In computer science, a U-form is an abstract data type comprising a collection of attribute–value pairs associated with a universally unique identifier (UUID). A U-form essentially comprises an associative array augmented with a UUID and with keys limited to strings.

The UUID that is associated with a u-form is immutable, however all data "contained" in the u-form are mutable (including the keys/names).

The mutability of contained data combined with an immutable identifier make implementations of fully mutable, replicable digital objects possible.
This has applications in distributed computing, non-relational database systems, information visualization, and knowledge representation systems.

Navigational databases, Entity and associative entity relationships can be implemented by using a UUID, or multiple UUIDs, as attribute values.

The u-form's design goals center around supporting an open, extensible distributed information space, emphasizing the unambiguous identity of data objects and the separation between data storage, data characterization, and schema development.
The use of non-semantic UUIDs combined with a simple attribute–value model draws a clear distinction between identity and data.

Although u-forms share certain design characteristics with serialization formats such as XML, they should not be confused with such representational formats.
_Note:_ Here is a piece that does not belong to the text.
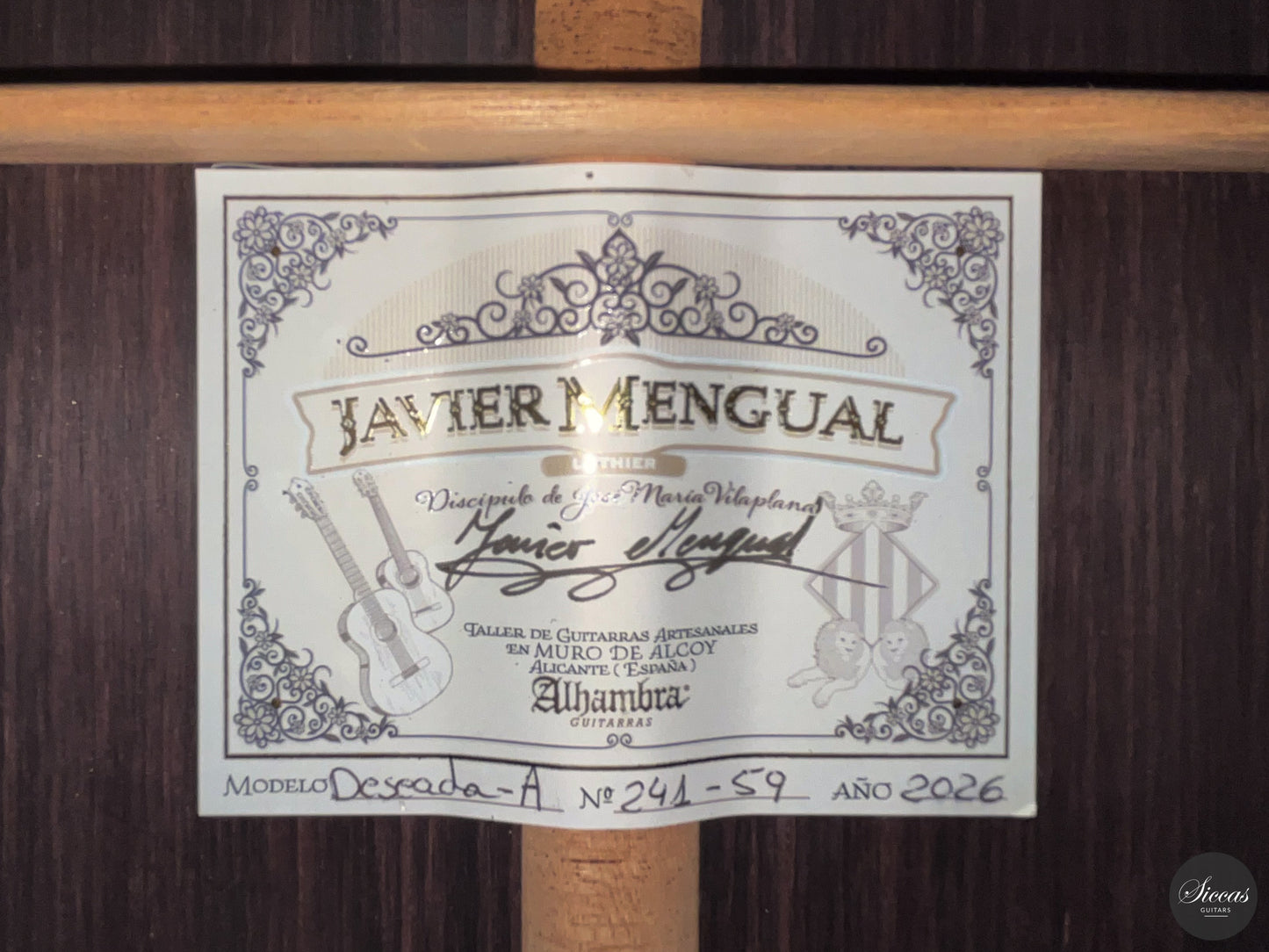 Alhambra - 2026 Javier Mengual Deseada Spruce No. 59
Since u-forms are abstract, they do not specify any particular representational format. Indeed, they may be stored as or communicated via XML or other types of serialization.

== Operations ==

The operations defined for a u-form are similar to associative arrays:

- Set_Attribute: Bind an attribute name to a value (replacing any existing binding to that name)
- Delete_Attribute: Unbind an attribute name from a value and remove the name from the u-form
- Get_Attribute: Find the value (if any) that is bound to a name.
- List_Attributes: Find all names that have a non-empty value.

== Properties ==
U-forms have the following properties:

- A UUID is defined as an array of bytes that is intended to be unique in the Universe.
Note that these are not limited to the standards for ISO, Microsoft, or DCE UUIDs though those are examples of acceptable sources of UUIDs.
- Attribute names are case-folded and normalized strings of Unicode characters
- Values are arbitrary-length arrays of bytes (BLOBs, though not necessary "large")
- Each attribute has only one value (though the bytes may be interpreted to represent a vector of data)
- The number of attribute–value pairs is arbitrary and extensible at any time
- The attribute–value pairs are treated as a set (i.e., they are unordered)
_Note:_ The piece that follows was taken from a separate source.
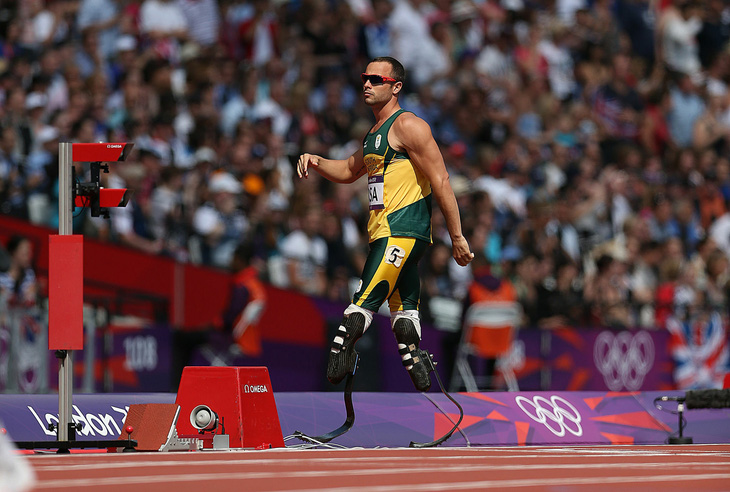 Oscar Pistorius là VĐV khuyết tật đầu tiên thi đấu điền kinh tại một kỳ Olympic vào năm 2012 - Ảnh: GETTY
== Copying vs replication ==
An important characteristic of u-forms, of significance to distributed database systems, is that they support a clear distinction between copying and replication of data objects. Copying a u-form involves the creation of a new u-form (i.e., one with a different UUID), but with all attribute–value pairs identical to those of the original u-form. Replicating a u-form involves creating a new instance of the u-form with the same UUID as the original. Note that in a distributed system, two instances of the same u-form may be inconsistent (i.e., they may contain different attribute–value pairs). However, the fact that they have the same UUID means that they are intended to eventually be identical.

== History ==
U-forms were developed at MAYA Design as part of the Visage Information Visualization System, a joint project of MAYA and Carnegie Mellon University funded by DARPA and The Army Research Laboratory. The name "u-form" derives from the term "e-form", a hypothetical "electronic form" proposed by Michael Dertouzos in his 1997 book "What Will Be". In addition to their continuing use in Visage, they have been used as the basis of a number of significant research
 and large-scale production systems, most notably the US Army's Command Post of the Future.